Nashville, TN – Those concerned with the national salmonella outbreak caused by tainted peanut products say it shows that the national food safety watchdog has no teeth. The Centers for Disease Control in Atlanta has issued an updated report on the outbreak, which raises the number of Tennesseans sickened to fourteen, and the Tennessee Association for Justice says the situation underscores the need to update America's food safety system, especially to increase fines for safety violations.

The wave of salmonella-caused illness has been traced to a Georgia peanut paste factory, the Peanut Corporation of America, but the FDA can only fine the company one thousand dollars and ask for twelve months' jail time for those who might be convicted of knowingly sending out contaminated shipments. Daniel Clayton, president of the Tennessee Association for Justice, says the FDA hasn't increased its fines for food safety violations for more than 70 years, since 1938.

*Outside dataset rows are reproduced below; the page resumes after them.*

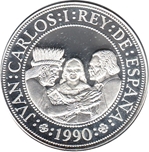 1990 5000 P S2 FDC H.CORTES
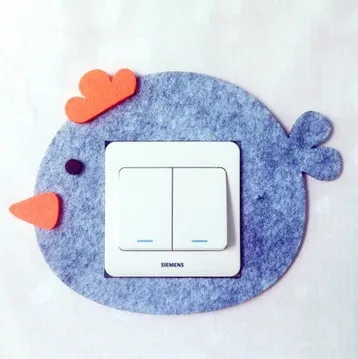 Felt Wall sticker-Swtich stickers (67)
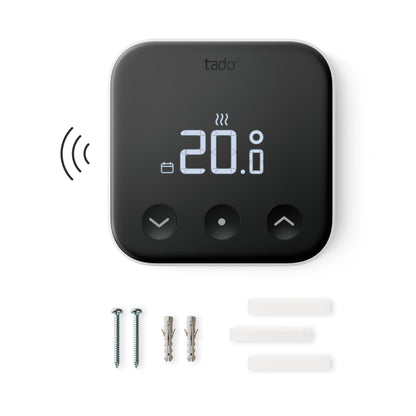 tado° Funk-Temperatursensor X – Smart Sensor für Heizungssteuerung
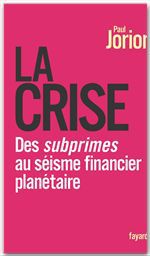 ebook cover of La Crise, by Paul Jorion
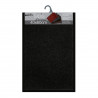 TAPIS TELIO NOIR 40x60CM ANTI-POUSSIERE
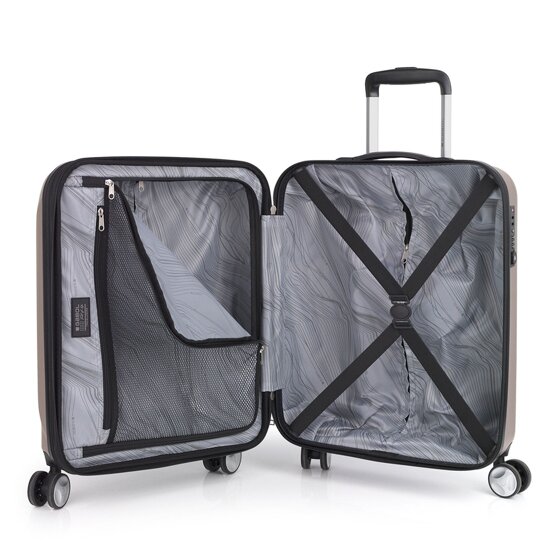 Gabol Ocean 4 wheels Cabin trolley 55 cm with expansion pleat Gabol Ocean 4 wheels Cabin trolley 55 cm with expansion pleat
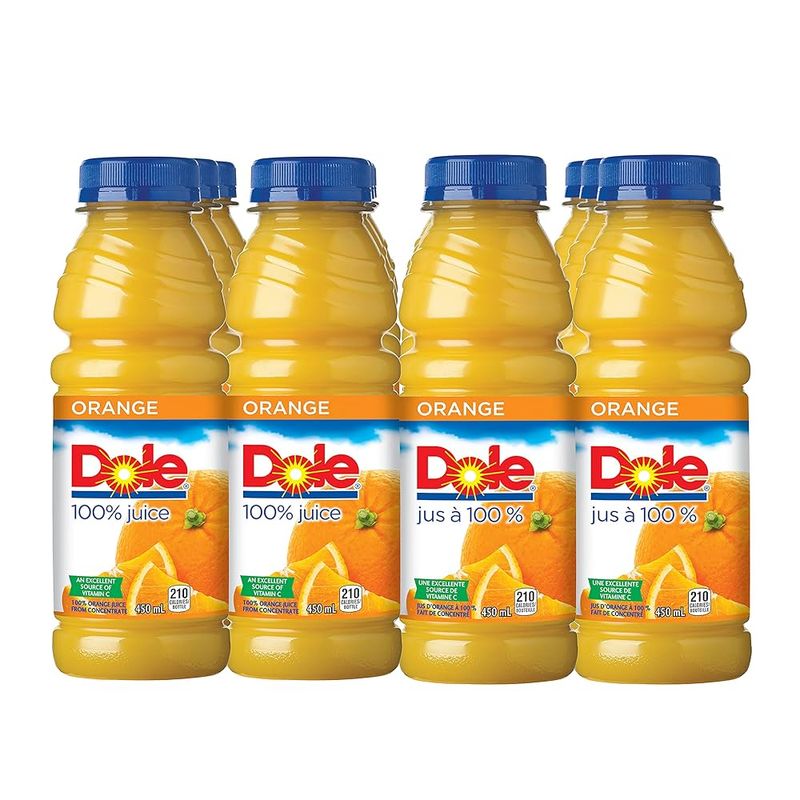 Dole Orange Juice: Concentrate Catastrophe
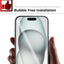 iPhone 16 Plus Tempered Glass Screen Protectors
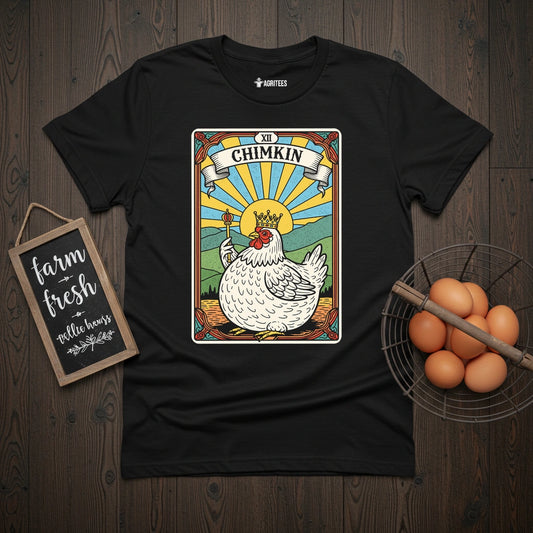 Chimkin Tarot Card T-Shirt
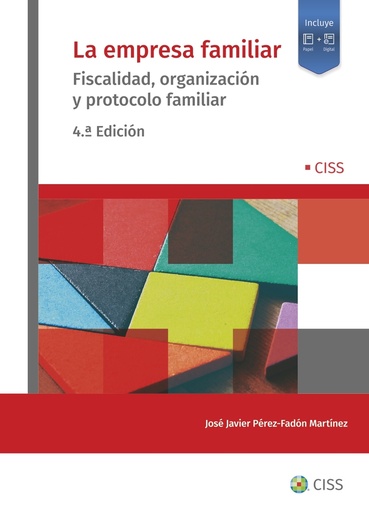 [9788499547879] La empresa familiar (4.ª Edición)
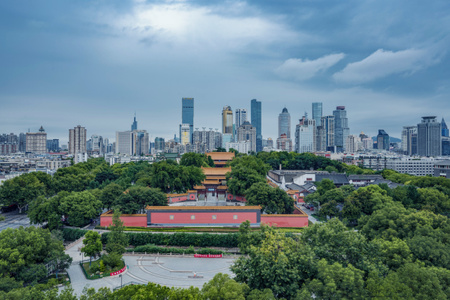 蓝调世界-我要上封面-我的七月-南京市-城市 图片素材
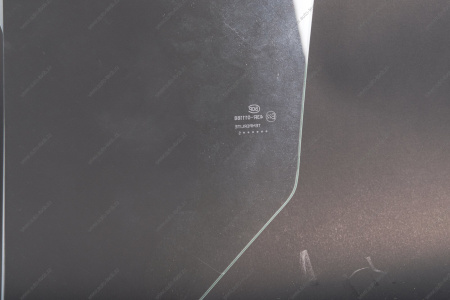 Стекло опускное передней двери ВАЗ-2110 правое бесцветное (AGC) Lada LADA 4035874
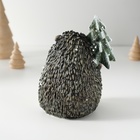 Фигурка полистоун «Милый ёжик с ёлочкой», 10×9.5×12.5 см - Фото 4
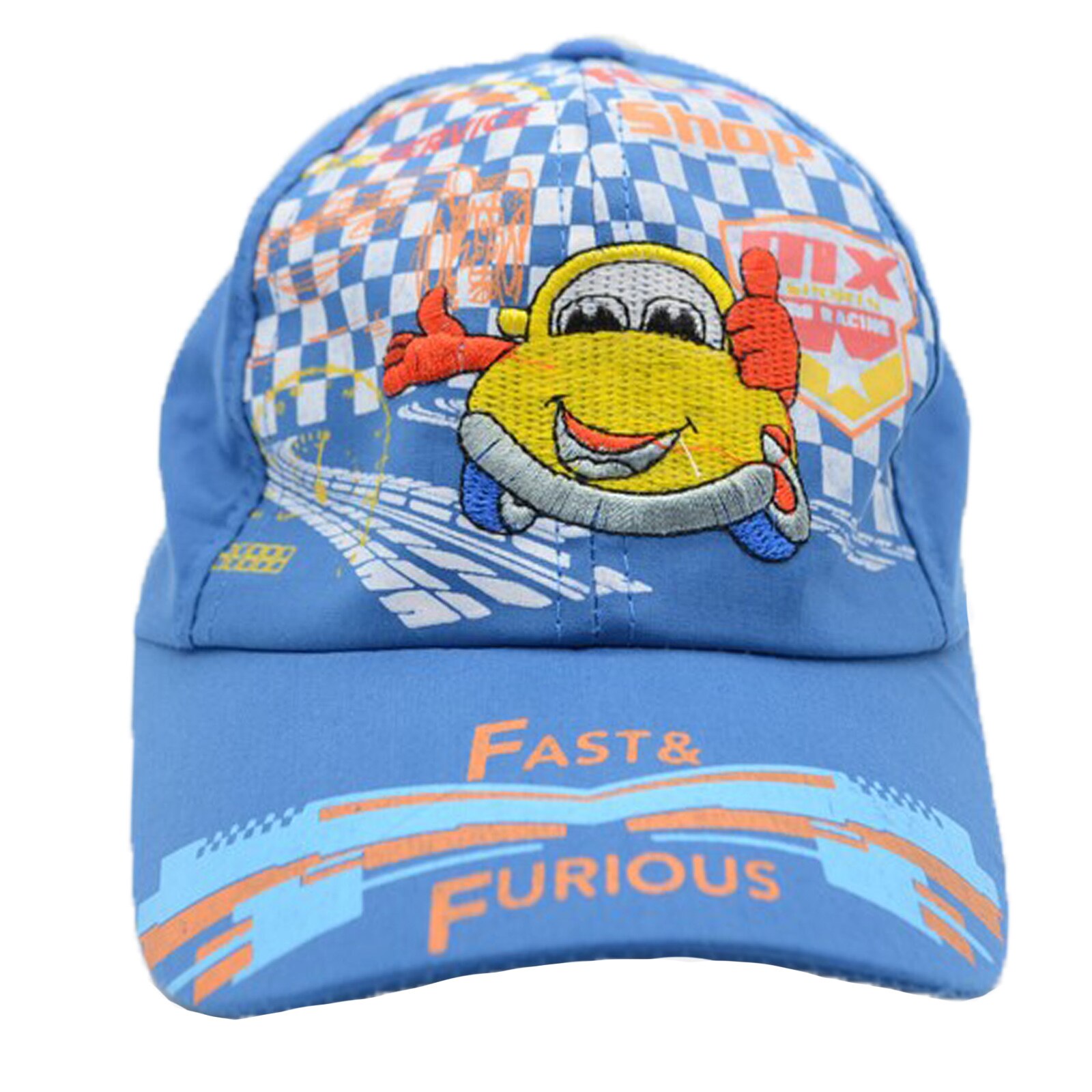 Sapca pentru baieti Mini Junior SCC-151, Albastru 52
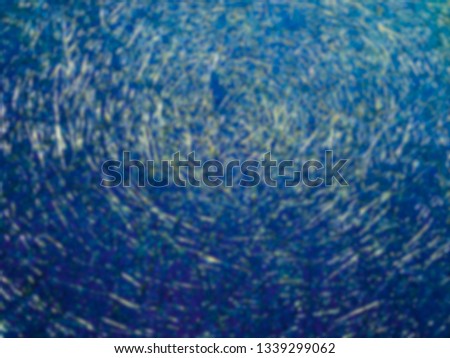 Blurred and flares pattern of Fiber glass filaments for abstract background texture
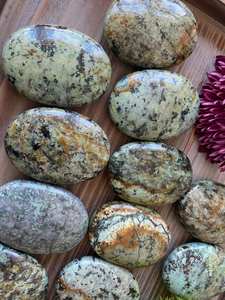 Piedra de Palma turquesa africana, piedra de Palma de cristal, Ágata Alfazal, para regalos - Product Image 4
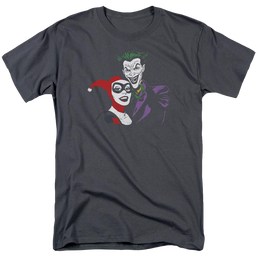 Batman Joker & Harley - Men's Regular Fit T-Shirt Men's Regular Fit T-Shirt Harley Quinn   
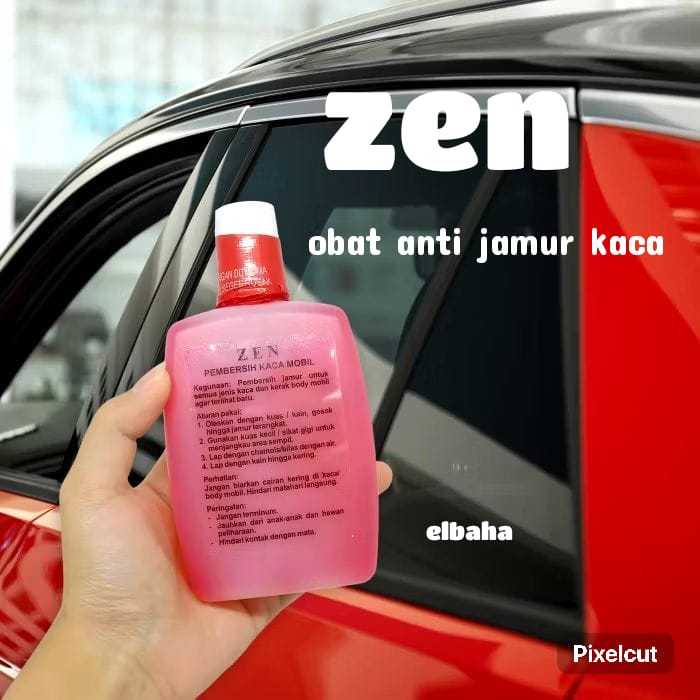 Obat Jamur Kaca Mobil ZEN / FILMON Pembersih Kaca Serbaguna 200Ml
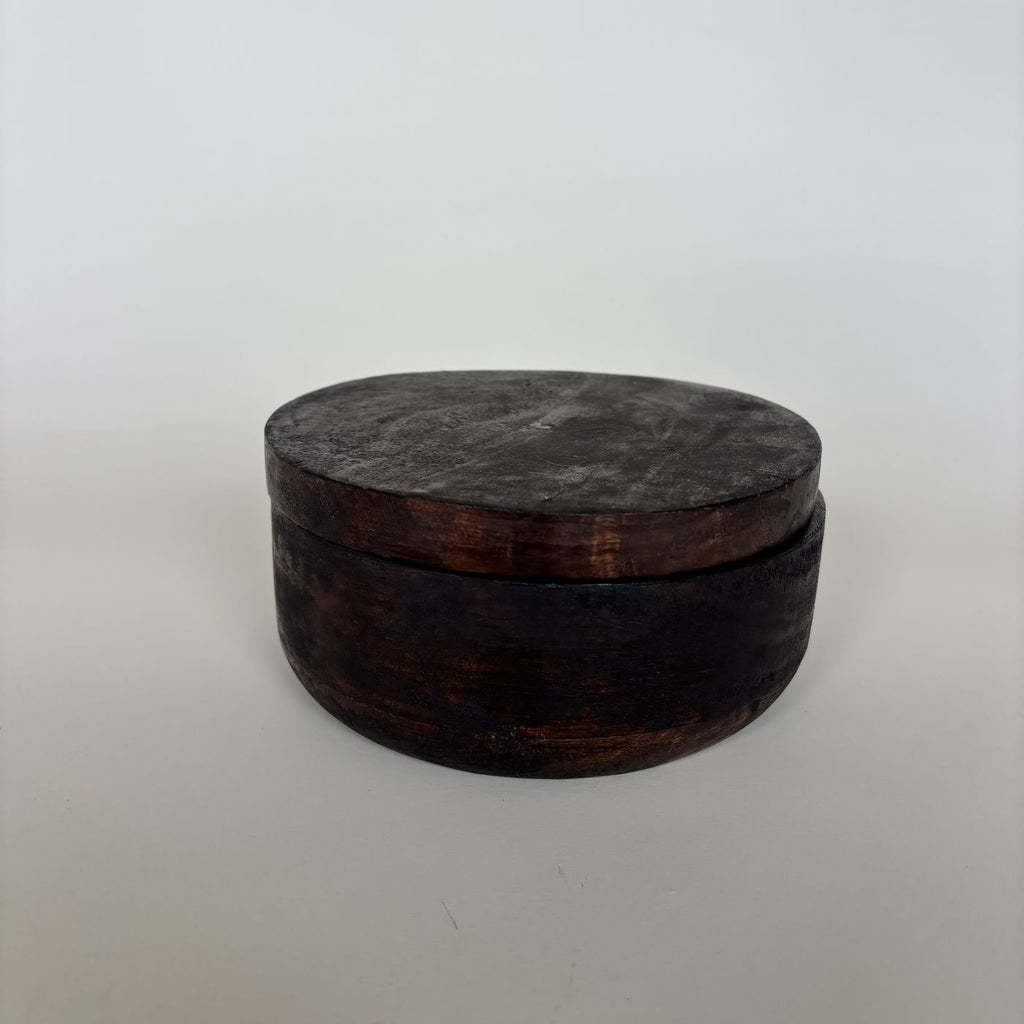 Boite Circulaire En Bois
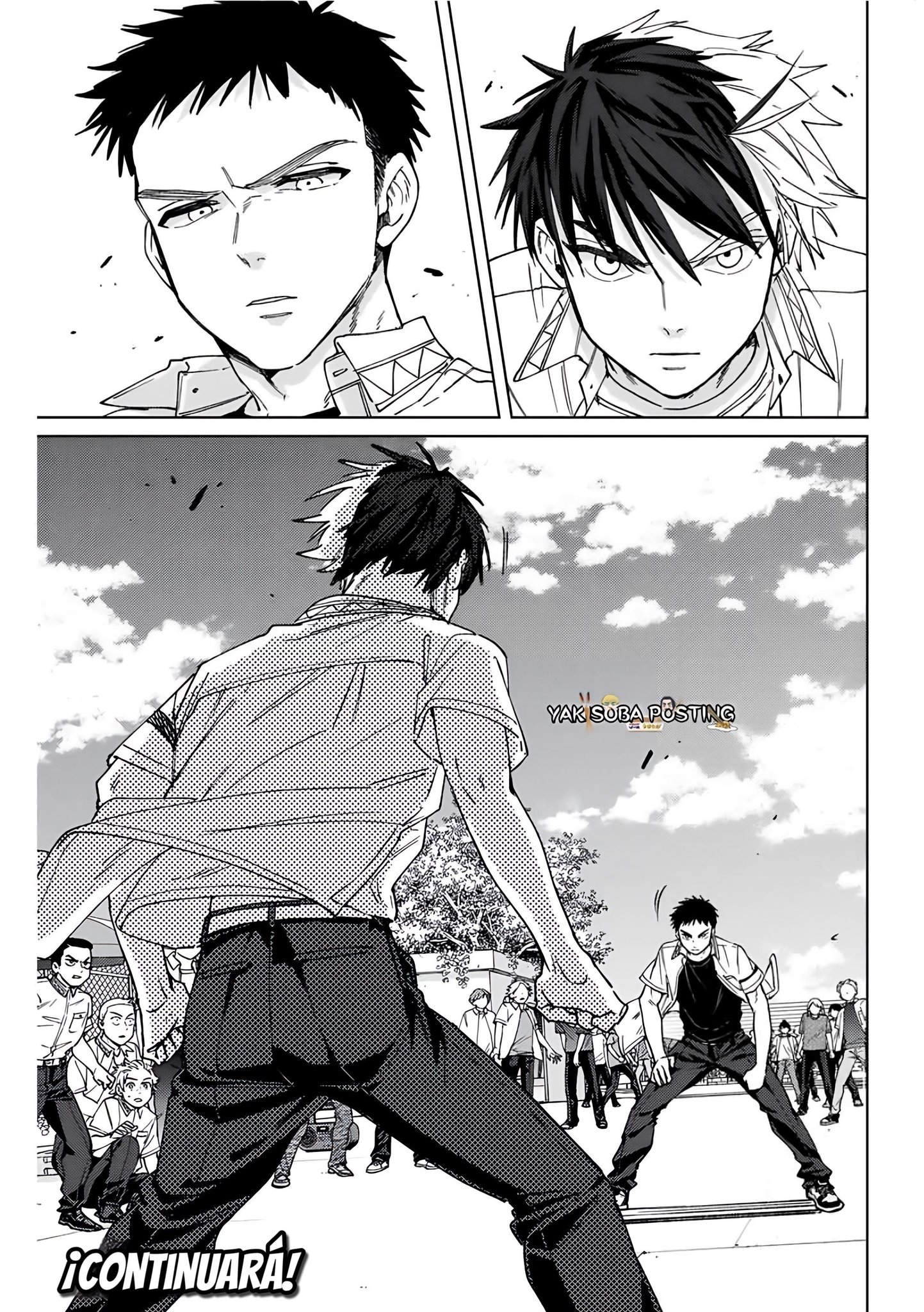 Read WIND BREAKER ES Manga Online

"We definitely need to take a look at revamping our food safety laws. Right now, it's more of a slap on the wrist from the federal government."

Clayton says the Peanut Corporation of America is not the only company that may be liable in the salmonella-caused deaths and illnesses; distributors have responsibilities too, he adds.

"You have the other businesses, like Kellogg and King Nut: Did they have reason to believe that there was something wrong with this product and to pull their product off the market quickly?"